• [ABOUT THIS TASK]:
Once you find the line below that contains "Роскошный чехол с", write it out along with every later line exactly as given, stopping only when the records end. Omit the pictures.

• [MATERIAL FOR THE TASK]:
☆ ☆ ☆ ☆
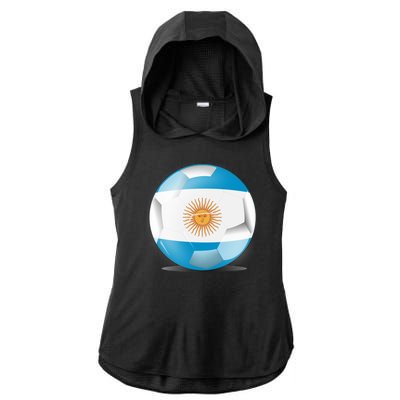 Soccer Ball Country Flag Argentina Ladies PosiCharge Tri-Blend Wicking Draft Hoodie Tank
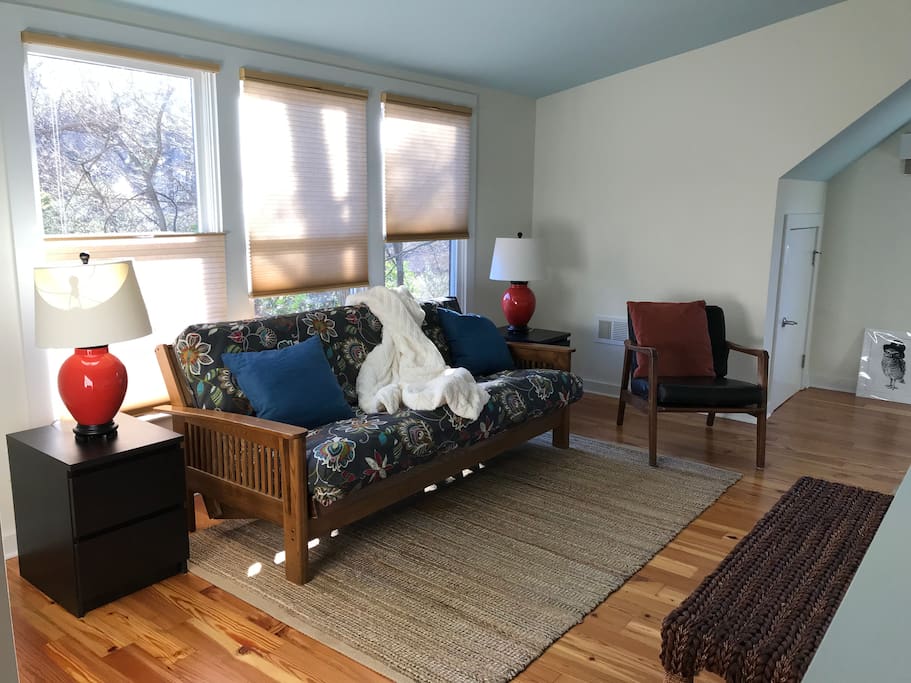 Loft area & south-facing windows.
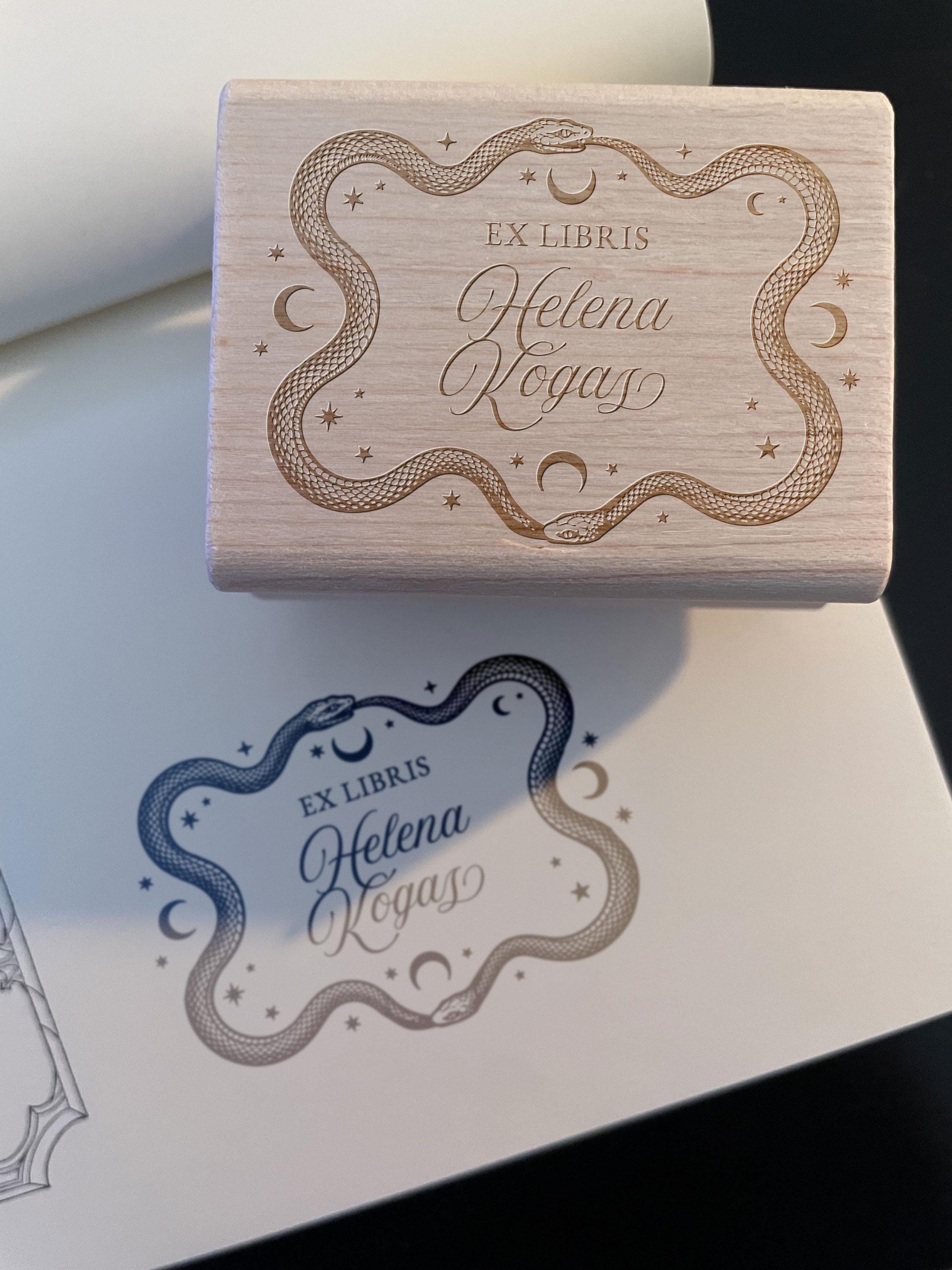 Personalized Gothic Snake Book Rubber Stamp - Ex Libris - Image 3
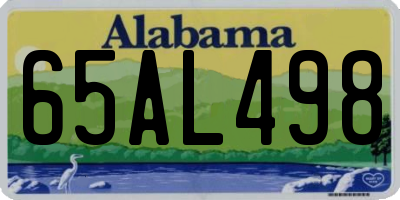 AL license plate 65AL498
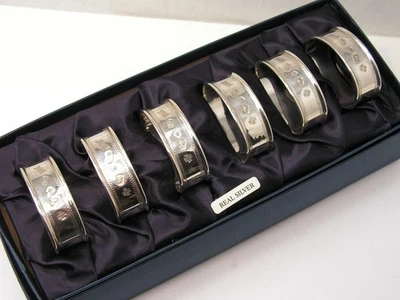 BOXED SET OF 6 MILLENNIUM HALLMARKED SOLID STERLING SILVER NAPKIN RINGS 2000 - Image 1 of 4
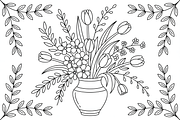 Floral  Bouquet Coloring Book, a Graphic by balal (Thumbnail 3 of 11)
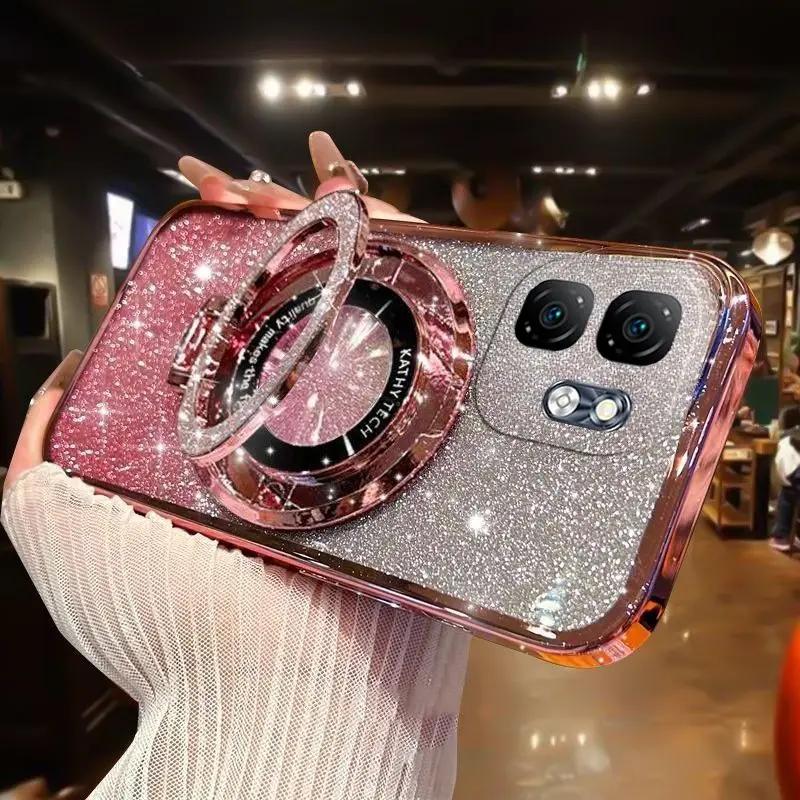 

Роскошный чехол с блестками и подставкой для infinix Hot 50i 9 Smart Case Holder Infinix Hot 50 4G 50hot Infinix infinix Smart 9 розовый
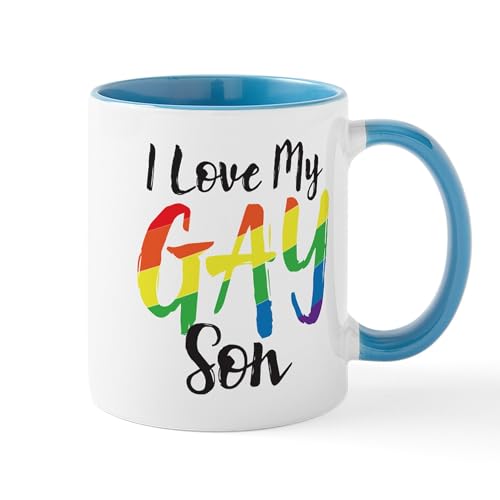 White/Blue Inside - I Love My Gay Son Mug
☆ ☆ ☆ ☆
• [EXERCISE RESULT]:
Роскошный чехол с блестками и подставкой для infinix Hot 50i 9 Smart Case Holder Infinix Hot 50 4G 50hot Infinix infinix Smart 9 розовый
 White/Blue Inside - I Love My Gay Son Mug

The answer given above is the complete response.